I often tell my counselees that God feels their pain. Scripture says that the Spirit in us, can pray to God for us, when we can find no words to express the depth of our pain and disillusionment. I actually experienced this type of comfort this past month. So the first words in a song that spoke to me on Sunday said, “In your Kingdom broken lives are made new.” Thank you Father that you can turn ashes into beauty. Thank you Father that you heal and redeem lives.
The next song is one of my favorites. Jesus Messiah, Name above all names, Blessed Redeemer, Emmanuel, The rescue for sinners, the ransom from heaven, Jesus Messiah, Lord of all. I asked myself a very honest question. Do I want ALL sinners rescued and ransomed? Do I want my abusers and the abusers of my beloved counselees rescued and ransomed? (Remember I’ve heard some absolutely awful stories) Father, how do you love and forgive people that wound your children so deeply?
We are studying the book of James at my church. This book warns us to be careful about judging. But how can I not judge the person that abused me? James 4:12 says, “There is one lawgiver and judge who is able to save and destroy. But who are you to judge your neighbor?” The scriptures also quote God saying, “It is mine to avenge, I will repay.” It’s hard to leave the judgment to the judge. Romans 2:2 says, “Now we know that God’s judgment against those who do such things is based on truth.” God see’s the whole picture; we see in part. HE is the righteous judge. However, abuse is NEVER okay! I believe God takes abuse very personally!
But on the other hand God is a God of love. He died for the sins of the abuser too. Wow, how can I reconcile that fact in my mind? Can I fathom the thought that the abuser was possibly abused? Do I care? As I’ve stated in previous blogs, forgiveness is crucial and forgiveness is for me. But do I really want my abuser to be forgiven? If I look at my emotions I may shout, “No!” Remember unforgiveness means, “You HAVE to pay!” But can they really pay adequately for that sin against you? NO! So I will let Jesus pay and redeem that sin against me. But what about them? God’s love has no limits and He goes after EVERY human being in hopes that they will receive HIM. If they do, His blood on the cross pays for their sin against me AND God will redeem it IN me. AND they will stand in the righteousness of Jesus.
So here comes the next song last Sunday that nearly knocked me off my feet! This line comes from “When I survey the wondrous cross.”
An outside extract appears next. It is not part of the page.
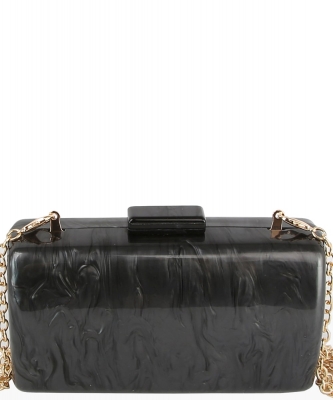 Acrylic Women Shell Evening Purse Bag LGZ079 BLACK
See from His head, His hands, His feet
Sorrow and love flow mingled down
Did ere such love and sorrow meet.
It was as if I could see it. Jesus hanging on the cross with blood flowing down his body. And in that blood was love and forgiveness for the abuser and sorrow and pain for the abused. ONLY GOD CAN DO BOTH AT THE SAME TIME! He felt my pain, He felt angry at the person who caused my pain, He felt the sorrow my pain would cause me for years AND He felt sorrow, love and forgiveness for the person who caused my pain!
I think for the first time I felt a total release for the people that have hurt me. I chose to forgive a long time ago because forgiveness is a choice whether I feel like forgiving or not. But God opened my eyes and released my emotions and mind to SEE His ways. I am now feeling a peace that passes all understanding. If you are a survivor of any type of abuse, I pray that as you read this article; you are set free by forgiving the person who hurt you and receiving God’s healing touch. If this article makes you mad; it’s okay. Ask God to help you work through your anger and grief. Once you have taken the time to walk through that stage of healing, ask God to help you forgive and to see HIS ways! You will feel a ton off of your shoulders. I promise!